> DATA EXTRACT:

——

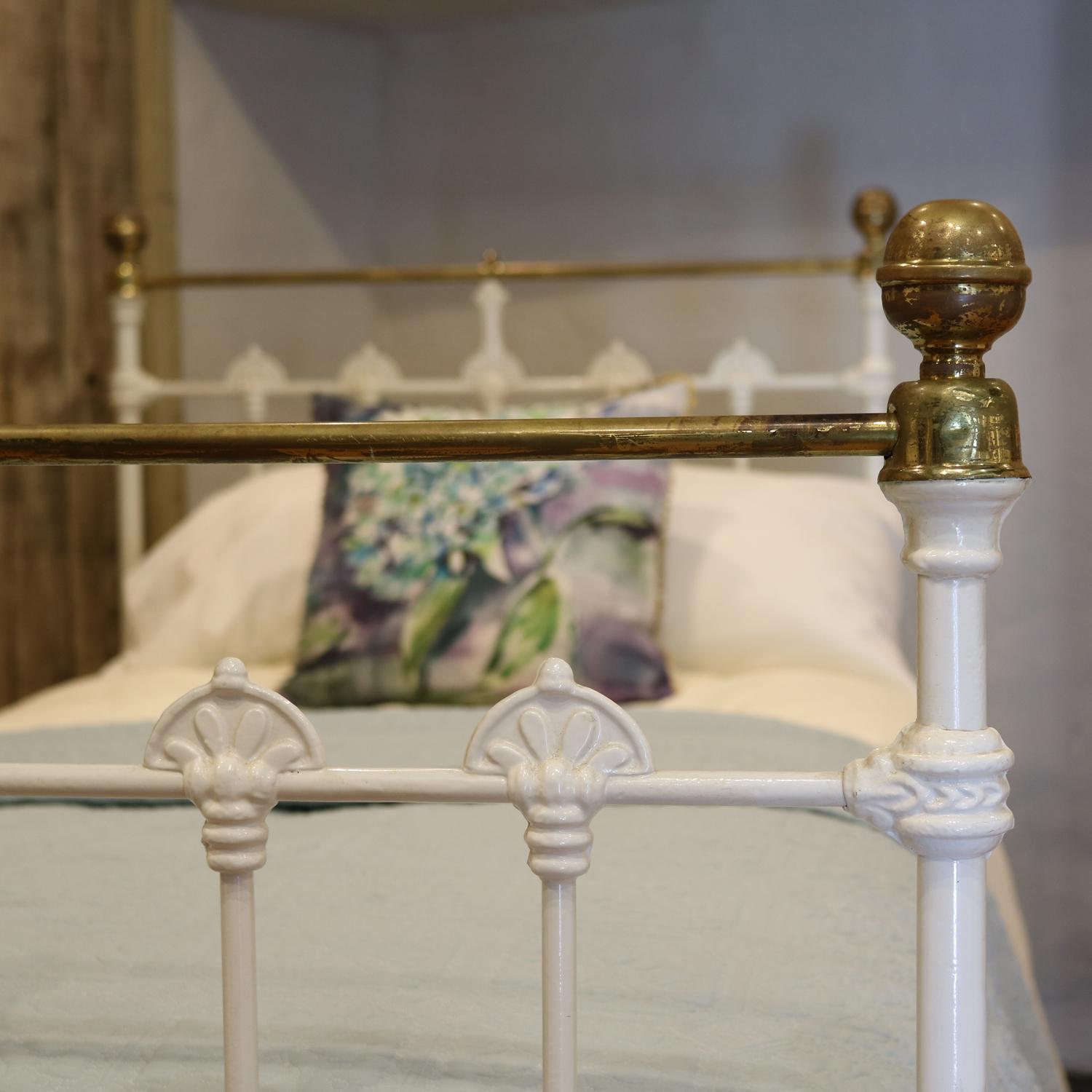 British Antique White Brass and Iron Victorian Single Bed, MS48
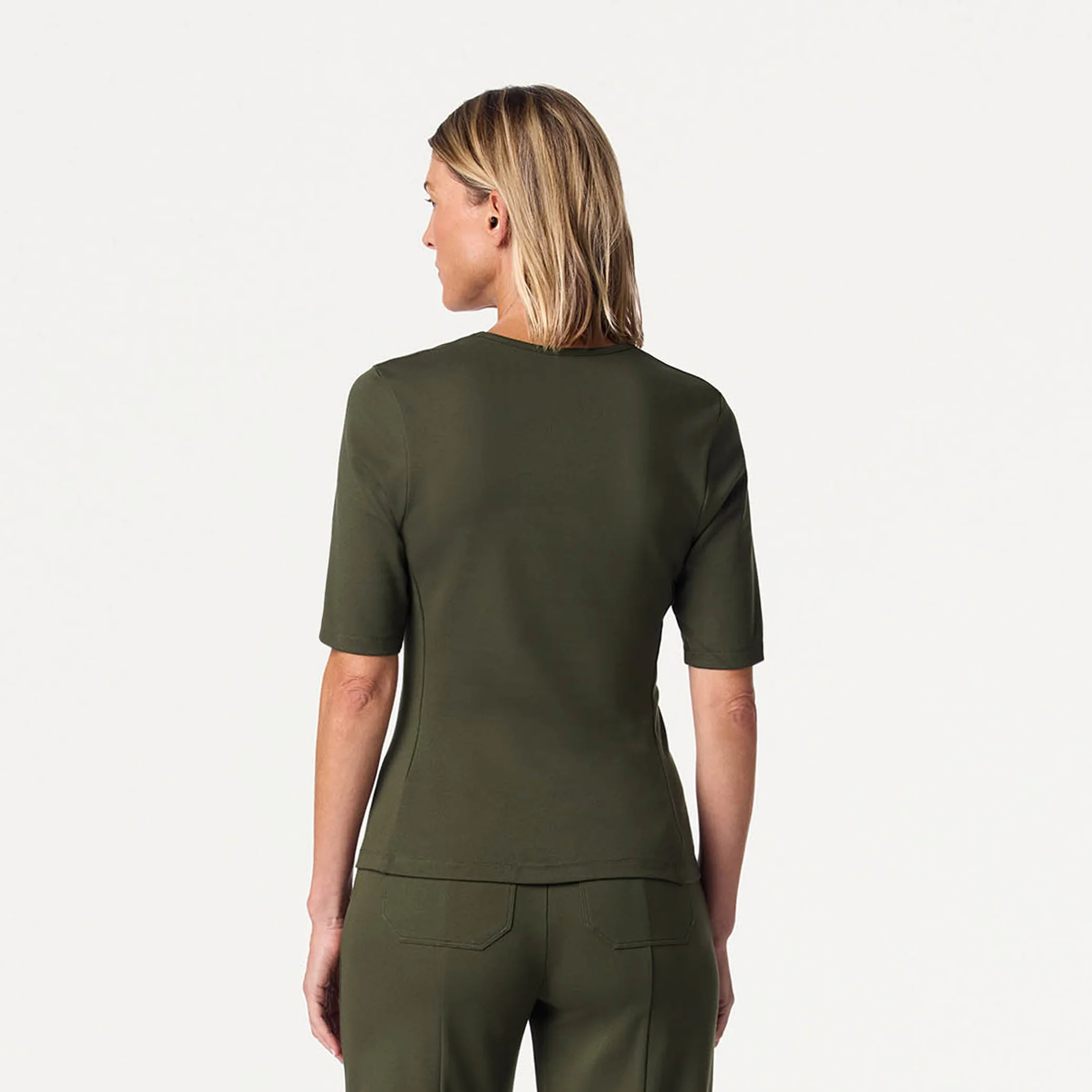 Cora U-Neck UltraSOFT™ Scrub Top - Deep Olive - Image 5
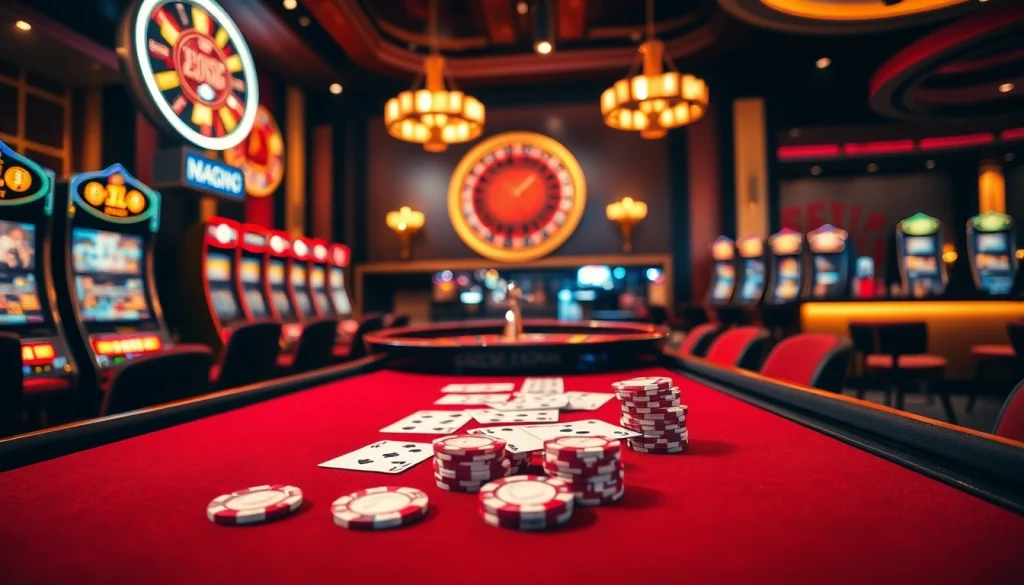 N188 nhà cái poker chips and roulette wheel in a luxurious casino setting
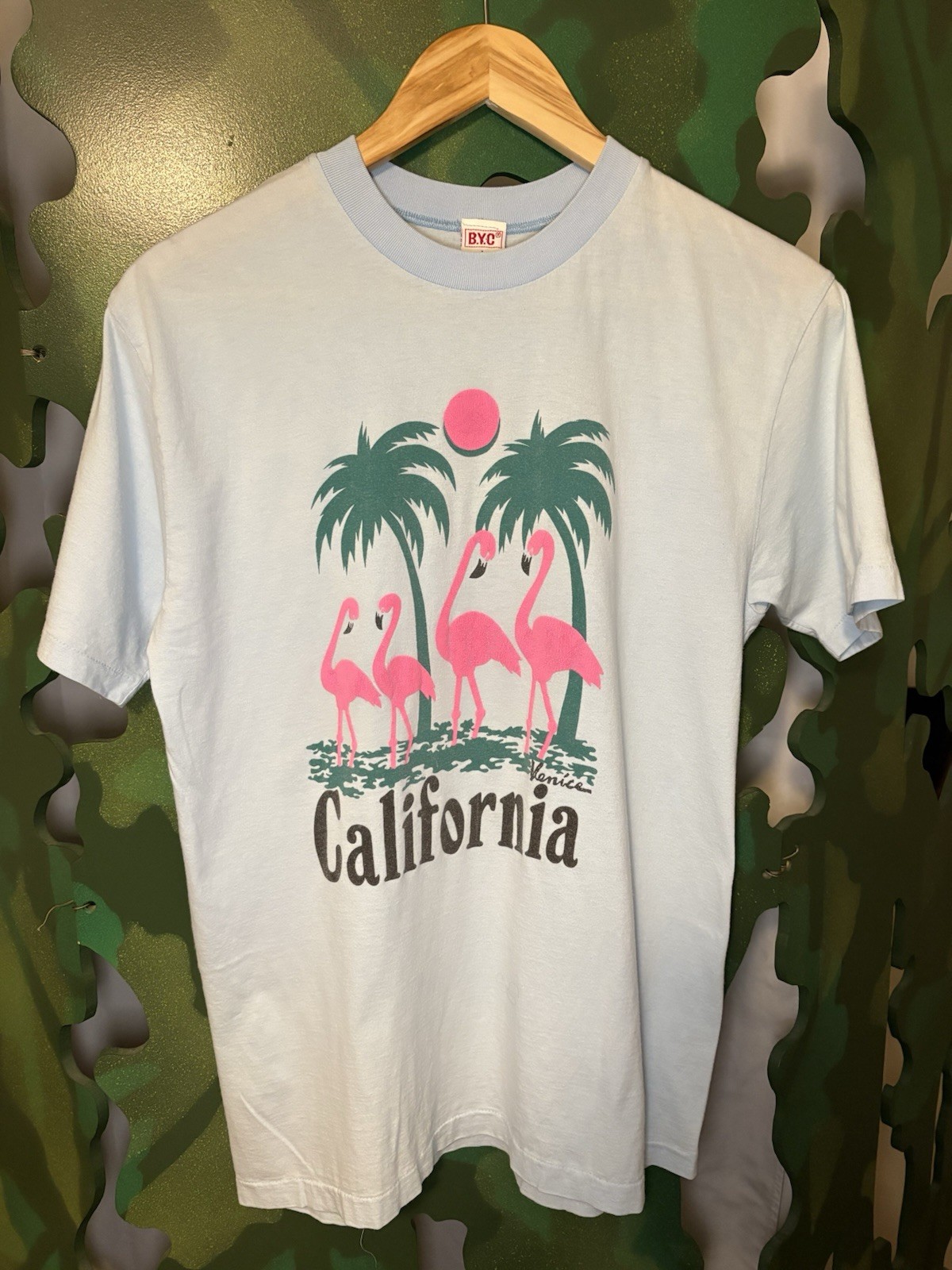 Vintage California Tourist T Shirt Single Stitch Flamingo Print Med/Large BYC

——

> ASSIGNMENT:
With the pictures left out, output exactly the lines from the one with "N188 nhà cái" through the end of the listing above, both ends included.

> SOLUTION FOR THIS PROBLEM:
 N188 nhà cái poker chips and roulette wheel in a luxurious casino setting
 Vintage California Tourist T Shirt Single Stitch Flamingo Print Med/Large BYC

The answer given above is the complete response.